La fausse bonne idée :
On pourrait penser qu’une façon simple et rapide, comme placer une tige filetée entre les pattes arrière du cadre (à la place du moyeu, donc) puis écarter les écrous par l’intérieur (en interposant des rondelles pour faire les choses proprement) jusqu’à l’entraxe désiré, serait une bonne idée… Oui, mais non ! Pour deux raisons :
- Avec un cadre en acier de bonne qualité, desserrer les écrous fait revenir l’écartement à une valeur très proche de ce qu’elle était initialement. Il faut donc écarter beaucoup plus, pour arriver un peu « au pif » à une ouverture de cadre, elle aussi assez approximative.

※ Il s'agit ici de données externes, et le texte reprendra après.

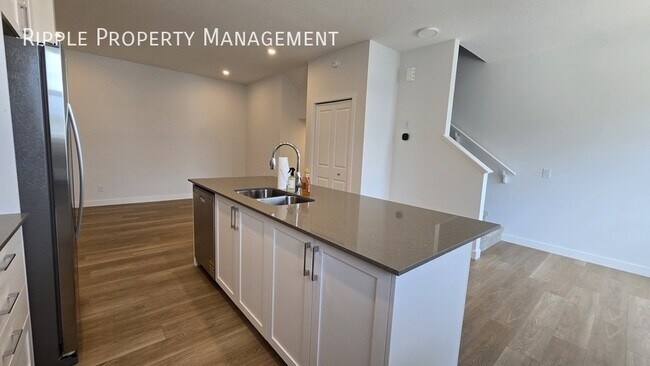 Building Photo - Modern 2 Beds, 2.5 Baths TownHouse | No Pe...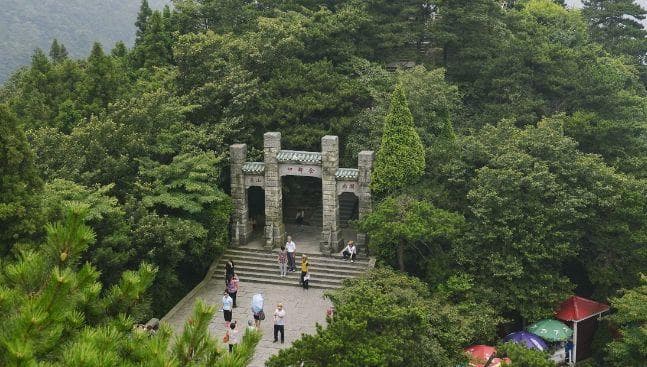 庐山六景：从含鄱岭日出到牯岭街夜色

- Très souvent, les bases – surtout en vélo ancien – ne sont pas symétriques. Celle de droite est davantage travaillée, écrasée pour le passage des plateaux, et il y a ainsi toutes les chances pour que les deux côtés ne réagissent pas de la même manière à l’écartement, et le cadre se retrouvera au final avec un arrière de travers. Même si le résultat semble correct, la géométrie sera faussée. Est-ce que ça vaut bien la peine de s’en apercevoir, lancé dans une bonne descente viroleuse et à deux doigts de finir dans le ravin ?
Bref, en plus d’être dangereux, tout ça n’est pas sérieux ; du bricolage de bas étage. Voyons plutôt comment faire avec rigueur et élégance.
La bonne méthode :
Tout d’abord, il faut poser le cadre à terre, le tube vertical sur des cales (en bois) pour que les bases et haubans ne soient pas en appui sur le sol. Seule la colonne de direction doit toucher terre.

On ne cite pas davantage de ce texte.